Data items:
......

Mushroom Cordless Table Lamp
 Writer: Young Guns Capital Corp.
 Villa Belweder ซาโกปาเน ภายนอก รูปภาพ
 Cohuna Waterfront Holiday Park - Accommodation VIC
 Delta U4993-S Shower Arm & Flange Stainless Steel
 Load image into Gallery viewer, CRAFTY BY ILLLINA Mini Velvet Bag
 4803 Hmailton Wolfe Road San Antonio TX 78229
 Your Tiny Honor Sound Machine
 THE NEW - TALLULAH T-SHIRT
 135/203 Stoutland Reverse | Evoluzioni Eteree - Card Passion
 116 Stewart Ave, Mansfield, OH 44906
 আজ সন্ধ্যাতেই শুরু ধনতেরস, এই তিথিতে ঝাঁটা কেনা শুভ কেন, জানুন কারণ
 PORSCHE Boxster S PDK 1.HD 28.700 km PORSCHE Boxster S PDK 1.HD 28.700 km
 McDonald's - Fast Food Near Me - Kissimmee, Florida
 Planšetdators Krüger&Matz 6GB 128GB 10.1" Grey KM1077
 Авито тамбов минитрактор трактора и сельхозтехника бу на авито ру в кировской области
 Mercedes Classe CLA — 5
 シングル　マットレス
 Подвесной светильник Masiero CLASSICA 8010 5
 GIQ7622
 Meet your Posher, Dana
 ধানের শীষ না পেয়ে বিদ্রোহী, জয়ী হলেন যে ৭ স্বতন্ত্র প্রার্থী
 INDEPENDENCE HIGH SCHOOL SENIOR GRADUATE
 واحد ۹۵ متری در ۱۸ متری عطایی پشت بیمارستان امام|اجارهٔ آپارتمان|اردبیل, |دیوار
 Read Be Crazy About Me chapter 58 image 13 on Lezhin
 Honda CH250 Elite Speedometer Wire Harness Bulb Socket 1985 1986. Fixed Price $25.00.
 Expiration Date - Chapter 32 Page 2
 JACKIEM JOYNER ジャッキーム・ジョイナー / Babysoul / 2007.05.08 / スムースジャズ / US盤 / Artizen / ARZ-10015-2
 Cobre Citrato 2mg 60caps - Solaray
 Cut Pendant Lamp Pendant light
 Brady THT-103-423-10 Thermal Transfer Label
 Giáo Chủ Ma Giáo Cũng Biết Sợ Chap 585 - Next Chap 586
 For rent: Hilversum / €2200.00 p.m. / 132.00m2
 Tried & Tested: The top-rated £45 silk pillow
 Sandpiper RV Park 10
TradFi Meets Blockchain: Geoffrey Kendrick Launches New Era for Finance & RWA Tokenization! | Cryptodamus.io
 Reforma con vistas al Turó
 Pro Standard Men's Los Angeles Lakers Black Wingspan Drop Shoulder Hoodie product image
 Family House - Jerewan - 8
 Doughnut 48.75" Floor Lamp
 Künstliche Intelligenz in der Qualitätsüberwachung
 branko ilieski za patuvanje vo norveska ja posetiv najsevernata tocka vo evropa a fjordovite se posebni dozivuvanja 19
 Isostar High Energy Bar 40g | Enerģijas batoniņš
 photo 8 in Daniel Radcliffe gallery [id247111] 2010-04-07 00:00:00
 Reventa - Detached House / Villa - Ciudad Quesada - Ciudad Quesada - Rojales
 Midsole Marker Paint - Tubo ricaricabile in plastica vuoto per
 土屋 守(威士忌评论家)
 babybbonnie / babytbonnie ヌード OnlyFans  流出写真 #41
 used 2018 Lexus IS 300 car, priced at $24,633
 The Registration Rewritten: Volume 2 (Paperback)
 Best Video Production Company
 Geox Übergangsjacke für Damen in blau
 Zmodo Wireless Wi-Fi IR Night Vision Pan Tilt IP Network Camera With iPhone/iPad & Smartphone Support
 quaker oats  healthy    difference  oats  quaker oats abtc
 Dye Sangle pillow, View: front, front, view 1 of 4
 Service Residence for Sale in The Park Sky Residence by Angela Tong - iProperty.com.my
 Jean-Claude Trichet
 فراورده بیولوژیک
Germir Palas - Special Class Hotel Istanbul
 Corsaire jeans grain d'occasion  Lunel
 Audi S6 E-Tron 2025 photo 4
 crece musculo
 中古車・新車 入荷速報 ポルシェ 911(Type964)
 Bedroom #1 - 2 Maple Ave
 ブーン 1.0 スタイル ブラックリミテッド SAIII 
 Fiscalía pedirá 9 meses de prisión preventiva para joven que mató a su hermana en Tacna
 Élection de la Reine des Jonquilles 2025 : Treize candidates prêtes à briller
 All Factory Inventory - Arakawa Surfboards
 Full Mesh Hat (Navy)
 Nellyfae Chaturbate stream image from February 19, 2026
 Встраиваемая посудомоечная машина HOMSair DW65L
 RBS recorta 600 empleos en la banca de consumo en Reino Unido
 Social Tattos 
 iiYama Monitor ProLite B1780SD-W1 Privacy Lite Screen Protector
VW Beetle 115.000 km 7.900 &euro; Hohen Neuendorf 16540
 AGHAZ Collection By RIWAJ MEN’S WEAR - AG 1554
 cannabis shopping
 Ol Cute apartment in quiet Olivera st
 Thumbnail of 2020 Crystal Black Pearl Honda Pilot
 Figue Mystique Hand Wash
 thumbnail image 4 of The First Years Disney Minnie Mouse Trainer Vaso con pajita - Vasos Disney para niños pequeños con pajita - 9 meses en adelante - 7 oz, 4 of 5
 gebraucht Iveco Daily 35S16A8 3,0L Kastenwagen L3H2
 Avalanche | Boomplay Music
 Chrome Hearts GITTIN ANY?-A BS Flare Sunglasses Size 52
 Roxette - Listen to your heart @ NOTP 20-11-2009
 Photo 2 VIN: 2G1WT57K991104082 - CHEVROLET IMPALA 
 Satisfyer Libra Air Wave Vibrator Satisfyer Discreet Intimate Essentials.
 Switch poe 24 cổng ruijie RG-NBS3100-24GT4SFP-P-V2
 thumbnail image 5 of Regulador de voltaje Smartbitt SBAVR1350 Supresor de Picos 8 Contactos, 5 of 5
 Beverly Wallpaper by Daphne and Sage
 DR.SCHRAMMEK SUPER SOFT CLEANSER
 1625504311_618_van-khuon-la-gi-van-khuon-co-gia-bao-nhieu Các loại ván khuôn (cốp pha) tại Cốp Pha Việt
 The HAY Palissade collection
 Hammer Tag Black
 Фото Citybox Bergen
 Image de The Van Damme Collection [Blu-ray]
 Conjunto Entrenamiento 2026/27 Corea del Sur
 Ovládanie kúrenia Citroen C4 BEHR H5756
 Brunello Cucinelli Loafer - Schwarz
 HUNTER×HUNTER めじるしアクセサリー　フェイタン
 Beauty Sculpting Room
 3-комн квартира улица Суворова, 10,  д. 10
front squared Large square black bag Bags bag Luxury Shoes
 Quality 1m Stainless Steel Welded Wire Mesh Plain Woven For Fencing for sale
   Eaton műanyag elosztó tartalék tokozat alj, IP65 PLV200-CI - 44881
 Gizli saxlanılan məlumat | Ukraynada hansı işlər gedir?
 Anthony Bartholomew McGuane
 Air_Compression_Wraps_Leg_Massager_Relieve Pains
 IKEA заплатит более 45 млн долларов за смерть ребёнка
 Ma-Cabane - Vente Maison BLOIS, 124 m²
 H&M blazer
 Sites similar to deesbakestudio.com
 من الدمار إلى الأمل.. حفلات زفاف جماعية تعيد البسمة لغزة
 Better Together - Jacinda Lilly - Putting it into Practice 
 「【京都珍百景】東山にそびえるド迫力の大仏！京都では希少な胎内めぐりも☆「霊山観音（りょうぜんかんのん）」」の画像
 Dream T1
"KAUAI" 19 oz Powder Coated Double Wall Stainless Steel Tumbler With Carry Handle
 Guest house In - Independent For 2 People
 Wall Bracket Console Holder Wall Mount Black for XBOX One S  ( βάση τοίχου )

......

The problem: Starting at the line above that contains "Honda CH250 Elite", write out each line exactly until the line that contains "Sandpiper RV Park 10" has been written, and stop there.

Exercise answer:
 Honda CH250 Elite Speedometer Wire Harness Bulb Socket 1985 1986. Fixed Price $25.00.
 Expiration Date - Chapter 32 Page 2
 JACKIEM JOYNER ジャッキーム・ジョイナー / Babysoul / 2007.05.08 / スムースジャズ / US盤 / Artizen / ARZ-10015-2
 Cobre Citrato 2mg 60caps - Solaray
 Cut Pendant Lamp Pendant light
 Brady THT-103-423-10 Thermal Transfer Label
 Giáo Chủ Ma Giáo Cũng Biết Sợ Chap 585 - Next Chap 586
 For rent: Hilversum / €2200.00 p.m. / 132.00m2
 Tried & Tested: The top-rated £45 silk pillow
 Sandpiper RV Park 10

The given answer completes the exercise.